Fig. 5. PCR of successful ligation. Extremely faint bands are visible in the 500-1000bp range of Samples 2, 3, and 4!

Transformations for the PArsR-spisPink construct were performed following the iGEM transformation protocol. The transformations were screened with colony PCR reactions containing 1x GoTaq Flexi Green Buffer, 0.15mM DNTP, 1.5mM MgCl2, 0.63u GoTaq Polymerase, 0.38μM FWD primer, 0.38μM REV primer, and molecular water to a final volume of 10μL.


Fig. 6. Colony PCR screening. Many colonies were screened to get just 2 positive colonies for the spisPink construct.

In continuation of the amilCP test circuit, we went back to the stocks and digested T7/amilCP with EcoRI-HF and PstI, again following iGEM protocols. After digesting, we ligated the product, this time with a ratio of backbone to insert at 5:1, in an effort to make the reaction more efficient. We screened with our standard PCR protocol and found that the ligation was a success (fig. 7.).


Fig. 7. T7/amilCP ligation screening. Sample 1 shows a band just under 1000bp, the correct size for ligated product.

Week 15

Now that one colony has been confirmed to contain the spisPink construct, we needed to transform the remaining ligations. Transformations followed the usual protocol, and colony screening by PCR.

With the ligation of the amilCP test circuit was complete, we proceeded to transform it according to iGEM protocols. Visual examination of the plates after incubation showed no signs of bacterial color change. We screened the colonies with our PCR protocol and found that the full circuit was present (fig. 8.). This likely means that there was a flaw in circuit design. Members of our team have speculated that this was due to the lack of spaces in the sequence around the promoters and ribosome binding sites.

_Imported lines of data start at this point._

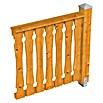 SKAN HOLZ Brüstungsgeländer (Passend für: Skan Holz Leimholz-Terrassenüberdachungen & -Pavillons, Pfostenabstand min. 270 cm, Eiche Hell) | BAUHAUS
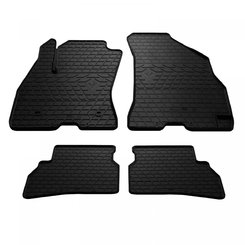 Резиновые коврики (Stingray) 2 шт, Premium - без запаха резины для Fiat Doblo III nuovo 2010↗ и 2015↗ гг.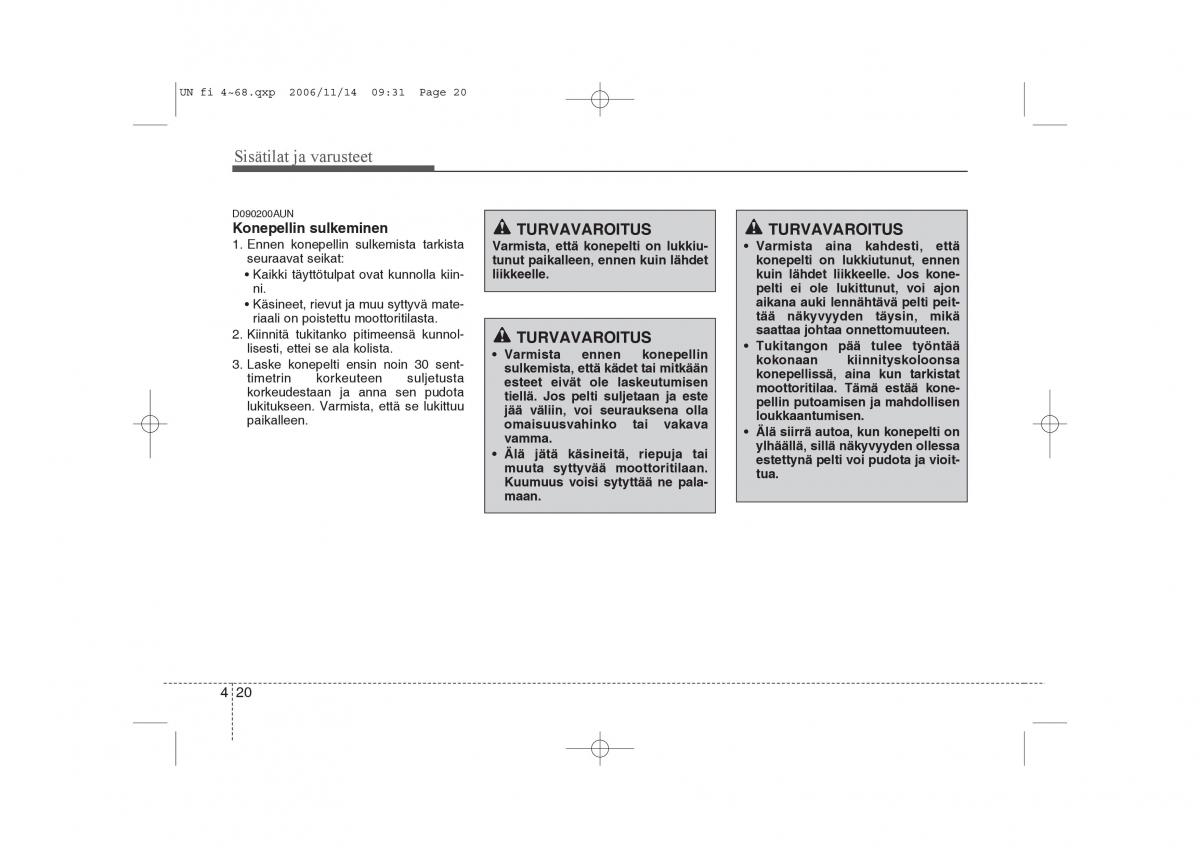 KIA Carens II 2 omistajan kasikirja / page 102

Fig. 8. T7/amilCP transformation screening. Bands are visible just under 1000bp for Samples 2, 3, and 4. This corresponds to the size of T7/amilCP.

Week 16

After successfully transforming all our individual parts, we finally were getting ready to do minipreps for them. We used the Promega Wizard Plus SV Miniprep Kit and used the protocol provided by Promega to do our minipreps. The whole process did not take too long and soon after, we now had minipreps for pSB1C3/PcArsR, pSB1C3/PArsR-spisPink, and pSB1C3/PArsR-amilCP and stored them in the -20ºC freezer until it was time to send them to iGEM.

At this point, everyone on the team was back in school. Our subteam leaders were starting college and the rest of us were studying for SATs and preparing college applications. Now the team shifts focus to Jamboree!